Demo trade before risking real money
No matter what you may have heard or read on the internet, demo trading is critical to long-term Forex trading success. There is simply no way to know how the particular Forex strategy you are going to use actually works if you do not demo trade with it before going live. If you choose to begin live trading before fully mastering your trading strategy, you are going to fall prey to many silly mistakes that could have otherwise been avoided had you just demo traded first. Many traders want to start making money immediately when they first get interested in Forex trading, unfortunately this is not how it works, just like any other profession you have to pay your dues and put in the necessary time and effort to get good at the art and skill of trading. Patience is one of the biggest keys to success for a trader, by committing at least 2-3 months to mastering your strategy on a demo account you will be helping to foster the very positive trait of patience as a result of not jumping into live trading head first.

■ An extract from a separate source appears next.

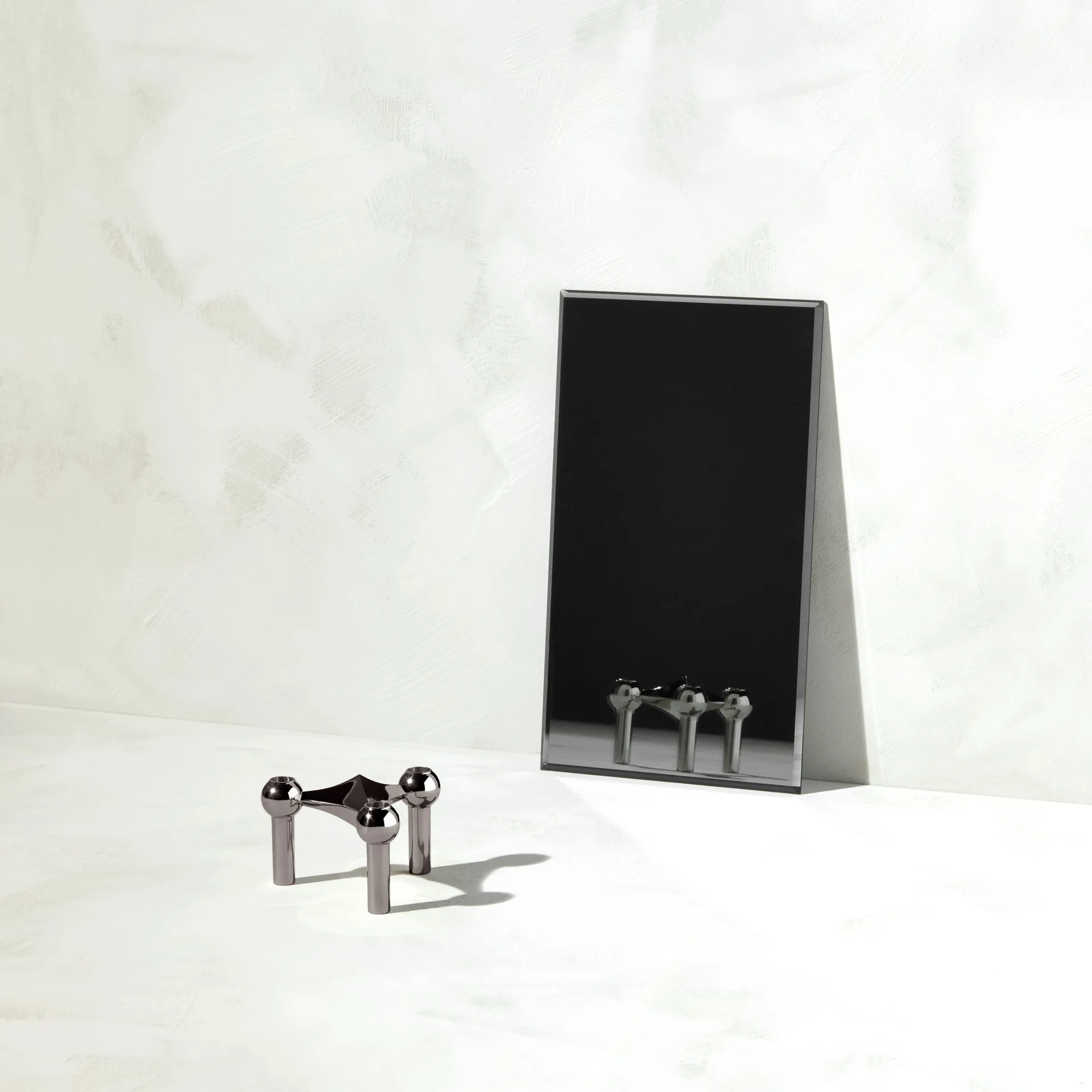 STOFF Nagel ljusstake, Svart krom STOFF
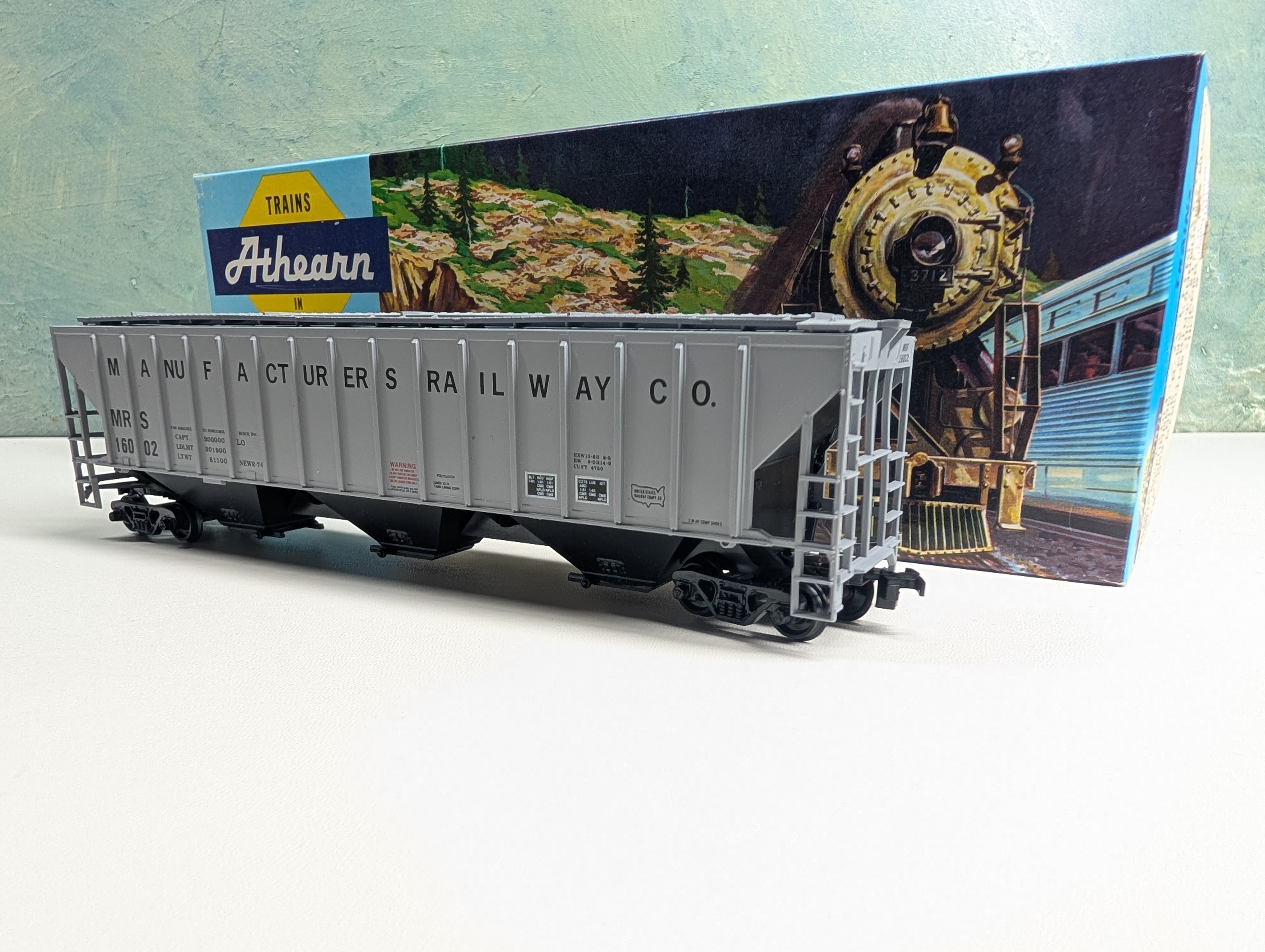 USED Athearn HO Scale 54' PS Ribside Covered Hopper, Manufacturers Railway Anheuser-Busch MRS #16002 Bev-Bel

A solid habit of patience will reward you many times over throughout your Forex trading career.
Consider yourself a risk manager rather than a trader
As a trader, your main goal needs to be to effectively and efficiently manage your risk on every trade and to begin viewing and weighing each trade setup in terms of possible risk to possible reward. Always define your risk before entering a trade and make sure you can sleep soundly at night with the amount of money you have at risk. Most traders think about the market in an opposite manner; they view the market as an endless supply of money, basically they view it as an ATM and they severely downplay the risk involved on every trade. Ask any professional Forex trader what their overall winning percentage is since they started trading full-time and you are likely to hear around 50%. The reason professional traders can lose on half their trades and still make money is because they figure out long ago that they need to view the market in terms of risk and not so much in terms of reward. If you concert on managing and maintaining your risk below the level that invokes an emotional response within you, the reward side of trading will take care of itself. Learn to concentrate more on the risk for every trade setup you take and the reward aspect will essentially take care of itself.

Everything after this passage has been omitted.